Pero la escena de aquel funcionario al que se le helaban las manos y se comía las uñas es reveladora también por la mención de Nosferatu. Es la palabra "Magnetto", pronunciada en el despacho presidencial y destinada a sospechar de una mano negra que llega a todos lados y todo lo contamina, lo que llama a tanta perplejidad. ¿Creía la Presidenta que Magnetto estaba detrás de aquel mero informe técnico, cree verdaderamente que está detrás de cualquier dato que desbarate la narración kirchnerista de la realidad? Sería más tranquilizador para todos los argentinos pensar que sólo se trata de una metáfora, que Magnetto se transformó en un sinónimo de complot, o en la construcción pícara y deliberada de un monstruo contra quien pelear y a quien culpar de todos los errores y males del país. Un muñeco al que tirarle el muerto de la inflación, el estancamiento de la economía, el callejón sin salida de la moneda, la derrota de la política de seguridad y cualquier otro fracaso. Un Nosferatu verosímil para que los militantes se entretengan clavándole estacas. Porque si en serio se cree en lo más empinado de la administración nacional que Héctor Magnetto tiene todas esas facultades mágicas y sobrenaturales, me permito pensar que se ha perdido cierta noción de la realidad. Una cosa es actuar en una telenovela (cualquier gobierno tiene incluso derecho a fabricársela siguiendo los modernos manuales del marketing político) y otra muy distinta es que los actores pasen a creer, en un momento dado, que son los personajes de la ficción que interpretan.

La palabra que más se oye en los cafés políticos de la Argentina es la palabra "locura", vinculada siempre a los vaivenes y las radicalizaciones adoptados por el oficialismo, una espiral que produce vértigo dentro de los propios bloques de legisladores del Frente para la Victoria, donde se vota por disciplina partidaria y donde cunden susurros dramáticos: "Ya sé, es una locura, pero si no lo hago quedo afuera". O "si no acompaño esta locura mi gobernador no puede pagar los sueldos".

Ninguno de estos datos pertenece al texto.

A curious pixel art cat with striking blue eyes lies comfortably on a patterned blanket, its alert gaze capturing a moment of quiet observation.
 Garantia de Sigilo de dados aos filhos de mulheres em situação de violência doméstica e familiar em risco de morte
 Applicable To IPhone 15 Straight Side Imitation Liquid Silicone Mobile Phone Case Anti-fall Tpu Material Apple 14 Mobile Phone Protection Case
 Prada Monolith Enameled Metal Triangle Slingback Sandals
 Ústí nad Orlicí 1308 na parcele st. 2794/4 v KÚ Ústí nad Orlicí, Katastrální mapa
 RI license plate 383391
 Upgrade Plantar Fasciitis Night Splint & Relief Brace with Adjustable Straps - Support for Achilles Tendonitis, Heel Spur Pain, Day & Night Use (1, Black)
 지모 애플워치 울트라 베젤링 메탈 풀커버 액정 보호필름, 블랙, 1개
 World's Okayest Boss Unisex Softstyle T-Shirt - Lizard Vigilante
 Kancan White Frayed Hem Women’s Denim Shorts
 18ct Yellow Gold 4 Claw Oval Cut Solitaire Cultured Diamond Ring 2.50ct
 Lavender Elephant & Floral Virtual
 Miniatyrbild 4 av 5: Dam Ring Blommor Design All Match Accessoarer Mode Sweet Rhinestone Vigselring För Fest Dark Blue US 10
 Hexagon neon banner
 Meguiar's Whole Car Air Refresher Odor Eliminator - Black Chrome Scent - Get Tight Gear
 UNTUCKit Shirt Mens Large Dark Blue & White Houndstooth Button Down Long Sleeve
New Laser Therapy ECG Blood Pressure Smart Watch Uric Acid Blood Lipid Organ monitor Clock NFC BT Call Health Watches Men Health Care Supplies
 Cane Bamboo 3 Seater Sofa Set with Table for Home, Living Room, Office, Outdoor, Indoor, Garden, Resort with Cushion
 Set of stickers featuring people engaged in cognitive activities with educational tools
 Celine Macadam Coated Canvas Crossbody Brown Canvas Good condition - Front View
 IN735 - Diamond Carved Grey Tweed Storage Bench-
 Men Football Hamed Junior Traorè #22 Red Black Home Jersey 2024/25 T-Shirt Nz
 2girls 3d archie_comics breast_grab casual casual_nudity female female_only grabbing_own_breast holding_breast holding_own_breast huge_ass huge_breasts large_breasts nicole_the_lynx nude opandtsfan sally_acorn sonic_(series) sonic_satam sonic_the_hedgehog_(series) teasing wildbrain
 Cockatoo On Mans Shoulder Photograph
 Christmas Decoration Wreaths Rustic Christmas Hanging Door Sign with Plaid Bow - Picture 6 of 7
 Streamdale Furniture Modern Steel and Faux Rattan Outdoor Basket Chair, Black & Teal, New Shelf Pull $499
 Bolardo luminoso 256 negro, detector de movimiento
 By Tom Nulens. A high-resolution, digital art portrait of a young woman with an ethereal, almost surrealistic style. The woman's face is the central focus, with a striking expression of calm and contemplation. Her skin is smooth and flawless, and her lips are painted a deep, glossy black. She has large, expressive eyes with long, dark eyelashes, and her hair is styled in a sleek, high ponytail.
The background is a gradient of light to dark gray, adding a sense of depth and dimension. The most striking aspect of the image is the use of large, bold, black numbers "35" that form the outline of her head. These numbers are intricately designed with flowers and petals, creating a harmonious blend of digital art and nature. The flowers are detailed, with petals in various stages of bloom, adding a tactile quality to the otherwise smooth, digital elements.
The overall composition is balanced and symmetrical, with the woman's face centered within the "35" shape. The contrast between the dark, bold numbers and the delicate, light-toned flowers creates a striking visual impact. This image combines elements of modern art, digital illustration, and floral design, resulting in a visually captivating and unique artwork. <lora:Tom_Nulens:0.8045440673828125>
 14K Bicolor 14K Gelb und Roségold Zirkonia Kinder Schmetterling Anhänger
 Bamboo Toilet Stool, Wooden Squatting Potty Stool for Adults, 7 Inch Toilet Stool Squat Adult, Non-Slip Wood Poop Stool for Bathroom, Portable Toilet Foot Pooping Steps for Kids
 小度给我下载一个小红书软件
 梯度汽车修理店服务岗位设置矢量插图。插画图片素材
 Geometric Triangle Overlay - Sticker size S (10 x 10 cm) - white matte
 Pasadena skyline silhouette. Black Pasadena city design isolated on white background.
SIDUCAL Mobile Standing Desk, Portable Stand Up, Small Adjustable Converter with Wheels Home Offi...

Ese proceso demencial de la política hace verosímil cualquier especulación: desde que se deje sin aire a Jorge Lanata hasta que se someta comercialmente a la nacion buscando una compra hostil; desde que se abran las cajas de seguridad de los bancos si fracasa el blanqueo hasta que se derribe a cualquier juez que falle en contra de los intereses del Gobierno. Se ha perdido la capacidad de sorpresa y se ha instalado el miedo. Hay incluso una cierta desinhibición de última hora, una especie de borrachera que viene después de la fatiga, un descuido, una especie de descaro. Se puede decir A en enero, B en marzo y C en julio. Se puede sostener sanguíneamente una convicción y lapidar a sus críticos, y se puede de repente salir a defender lo contrario y con la misma saña. "El poder de las ideas irracionales es irresistible para algunos políticos", dijo esta semana el economista sueco Frederik Erixon, director del Centro Europeo de Política Económica Internacional: intentaba explicar, durante un simposio en Madrid, las últimas decisiones que había tomado nuestro país. Son inexplicables.

Es curioso, porque muchas de esas decisiones arrebatadas no hacen más que achicar al kirchnerismo, son pequeños pero persistentes suicidios políticos que sólo festeja el núcleo duro (para quien se gobierna), pero que producen un creciente rechazo en la mayoría de la sociedad. La clave, tanto para el oficialismo como para la oposición, podría ser una utopía. Ponerle la misma pasión a la cordura. ¿Se podrá?